Joe Ink. + Sara Porter=The Motif of the Ageing Dancer




Joe Ink.'s performance of 4OUR admirably accomplished its goal of expressing the "intriguing paradox that as we mature into the height of our artistic abilities, our bodies begin a slow deterioration, leaving our emotional lives and memories more vivid and potent than ever."

In addition was the consistent, palpable and poetic sense of relationship on stage.  From the opening notes of Bach, with the curling, Baroque-like hand gestures and undulating, interlaced limbs to the conclusion of snowflake- decorated deterioration there was always the impressive partnering and ensemble movement.  4OUR progresses through a story arch of youth, adulthood and demise.  It captures, and is connected, by the relationships of protection, influence and especially at the end–support that is so ably expressed by Giaconda Barbuto, Heather Dotto, Jarrett Siddall and Joe Laughlin.  More than one audience member shed tears during this evocative performance.

Many in the audience murmured about the stagecraft and the versatile use of sheer white garments and the cornucopia like vessel.  A single garment traversed from baptism or birth, wedding to funeral shroud while the vessel expressed fertility, protection as armour and blinding mask.  You can always count on Joe Ink.

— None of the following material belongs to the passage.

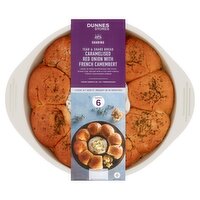 Dunnes Stores Sharing Tear & Share Bread Caramelised Red Onion with French Camembert 600g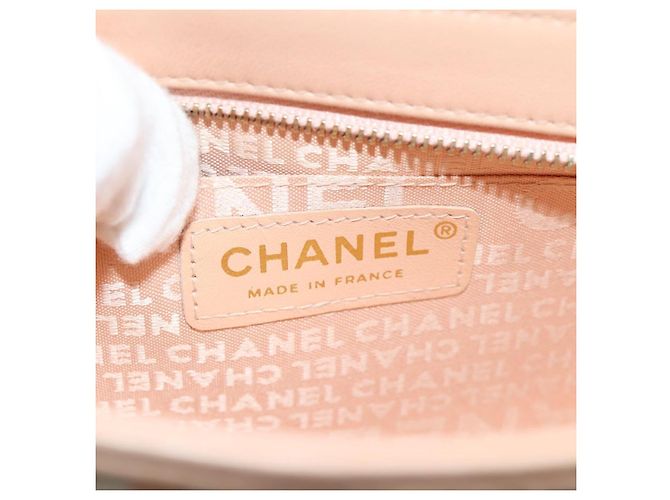 Borsa a spalla CHANEL con catena in seta rosa oro CC Auth 140122SAV D'oro - vista 23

To exploit costume as prop– textiles are indeed our second skin and augment movement.

4OUR is more than a simple narrative in dance.  Each of the four dancers has significant solos, almost like movements in a musical composition, each with their own distinctive visual signature.  The music itself ranged from the classical to modern and was downright intoxicating.  There was also comic relief as in the episode of the chambermaid and the bellhop with its staccato antics reminiscent of black and white silent film.

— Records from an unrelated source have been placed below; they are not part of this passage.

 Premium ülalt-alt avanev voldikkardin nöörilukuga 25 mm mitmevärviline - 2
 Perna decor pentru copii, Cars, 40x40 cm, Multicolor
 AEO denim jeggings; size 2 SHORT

The following evening, Sara Porter performed Sara Does A Solo, which also addressed the theme of "becoming a mature artist–with all the richness and the loss."  It was in the vein of docu-dance, where spoken word, stagecraft and dance movement marry.

Porter started with the present and stepped back into her childhood.  She took us from her being a "tense verb" (of course she'd be an action word) to her first encounter of music, through motherhood and a rich fantasy life of glamorous gowns red high heels and a matching ukulele.  She glided, slunk like a cat, lumbered like a beast of burden but expressed the most painful truths with awkward self-depreciating movements. Presented before an audience amicably dominated by professional dancers, many of themselves approaching middle age, her memoir on stage was received sympathetically.